Here’s a nasty fight going on in molecular biology/bioinformatics. Lior Pachter of Berkeley describes some severe objections he has to published work from the lab of Manolis Kellis at MIT. (His two previous posts on these issues are here and here). I’m going to use a phrase that Pachter hears too often and say that I don’t have the math to address those two earlier posts. But the latest one wraps things up in a form that everyone can understand. After describing what does look like a severe error in one of the Manolis group’s conference presentations, which Pachter included in a review of the work, he says that:

. . .(they) spun the bad news they had received as “resulting from combinatorial connectivity patterns prevalent in larger network structures.” They then added that “…this combinatorial clustering effect brings into question the current definition of network motif” and proposed that “additional statistics…might well be suited to identify larger meaningful networks.” This is a lot like someone claiming to discover a bacteria whose DNA is arsenic-based and upon being told by others that the “discovery” is incorrect – in fact, that very bacteria seeks out phosphorous – responding that this is “really helpful” and that it “raises lots of new interesting open questions” about how arsenate gets into cells. Chutzpah. When you discover your work is flawed, the correct response is to retract it.
I don’t think people read papers very carefully. . .

He goes on to say:

I have to admit that after the Grochow-Kellis paper I was a bit skeptical of Kellis’ work. Not because of the paper itself (everyone makes mistakes), but because of the way he responded to my review. So a year and a half ago, when Manolis Kellis published a paper in an area I care about and am involved in, I may have had a negative prior. The paper was Luke Ward and Manolis Kellis “Evidence for Abundant and Purifying Selection in Humans for Recently Acquired Regulatory Functions”, Science 337 (2012) . Having been involved with the ENCODE pilot, where I contributed to the multiple alignment sub-project, I was curious what comparative genomics insights the full-scale $130 million dollar project revealed. The press releases accompanying the Ward-Kellis paper (e.g. The Nature of Man, The Economist) were suggesting that Ward and Kellis had figured out what makes a human a human; my curiosity was understandably piqued.

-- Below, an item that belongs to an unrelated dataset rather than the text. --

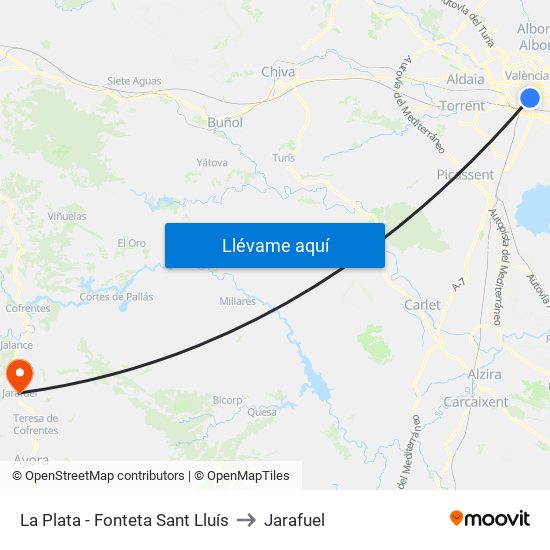 La Plata - Fonteta Sant Lluís to Jarafuel map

But a closer look at the paper, Pachter says, especially a dig into the supplementary material (always a recommended move) shows that the conclusions of the paper were based on what he terms “blatant statistically invalid cherry picking”. See, I told you this was a fight. He also accuses Kellis of several other totally unacceptable actions in his published work, the sorts of things that cannot be brushed off as differences in interpretations or methods. He’s talking fraud. And he has a larger point about how something like this might persist in the computational biology field (emphasis added):

Manolis Kellis’ behavior is part of a systemic problem in computational biology. The cross-fertilization of ideas between mathematics, statistics, computer science and biology is both an opportunity and a danger. It is not hard to peddle incoherent math to biologists, many of whom are literally math phobic. For example, a number of responses I’ve received to the Feizi et al. blog post have started with comments such as
“I don’t have the expertise to judge the math, …”
Similarly, it isn’t hard to fool mathematicians into believing biological fables. Many mathematicians throughout the country were recently convinced by Jonathan Rothberg to donate samples of their DNA so that they might find out “what makes them a genius”. Such mathematicians, and their colleagues in computer science and statistics, take at face value statements such as “we have figured out what makes a human human”. In the midst of such confusion, it is easy for an enterprising “computational person” to take advantage of the situation, and Kellis has.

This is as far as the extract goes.